“He died inches from the water”: US heatwave deadly for the homeless

The National Weather Service has warned that extreme heat is the biggest weather-related killer.

Phoenix, Arizona:

On a sidewalk in the Arizona capital Phoenix, where a record-setting heat wave has warned people to limit their time outside, Dana Page is struggling to stay hydrated in her tarpaulin shelter.

Surrounded by water bottles, the 49-year-old knows all too well the danger the heat poses to the homeless population.

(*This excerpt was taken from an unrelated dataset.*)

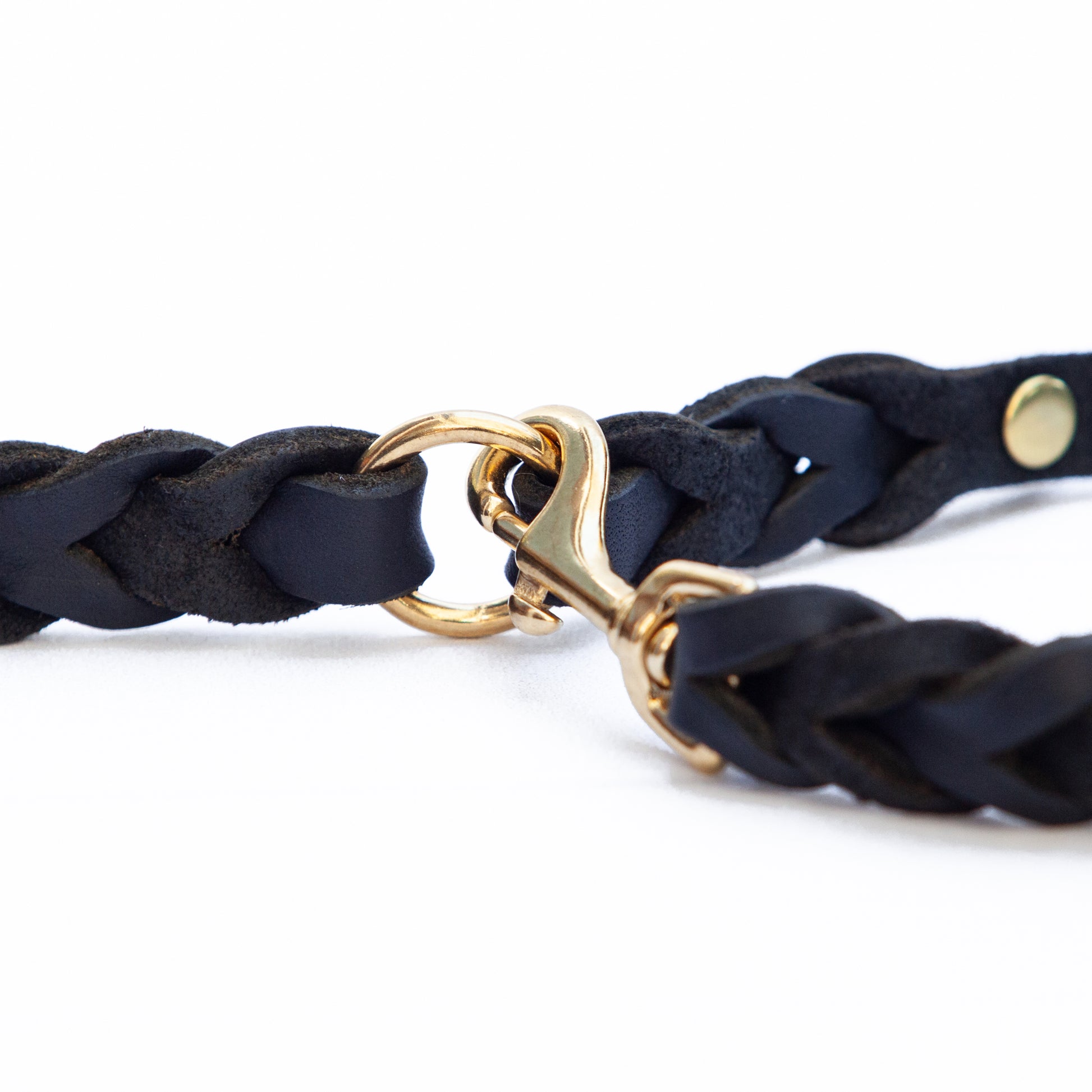 Ein echter Klassiker – das schwarze Leder-Set ELLA für stilbewusste Hundehalter*innen.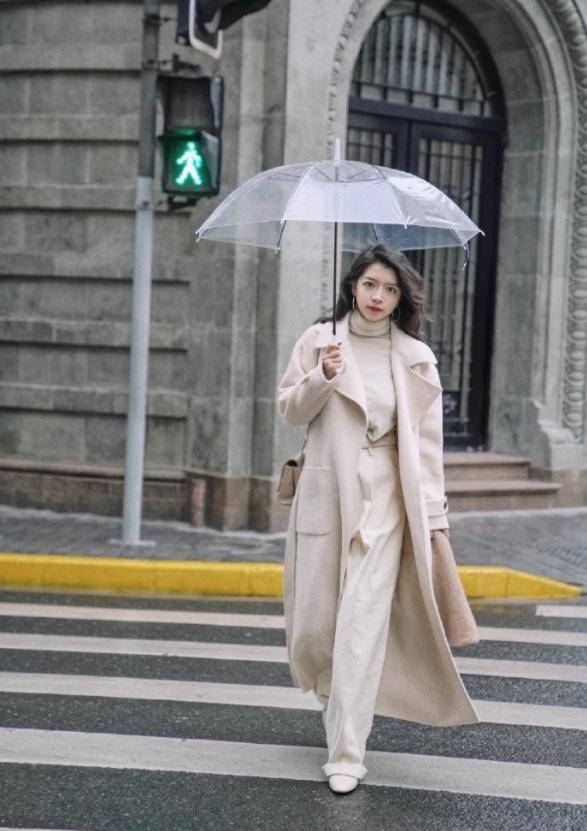 显得 “女神博主”三木真会穿！绿色西装搭配针织衫干练清爽，高级精致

A few days earlier, she watched emergency responders perform CPR on a fellow resident of “The Zone,” a camp where hundreds of people live in tents and makeshift shelters near the city.

“He died just inches from the water,” he told AFP.

Phoenix, like much of the US Southwest, is surrounded by desert, and its 1.6 million residents are accustomed to brutal summer temperatures.

But this year’s heat wave is unprecedented in its length: It has already helped the city break its previous record of 18 consecutive days at or above 110 °F (43 °C), with similar heatwaves forecast for next week.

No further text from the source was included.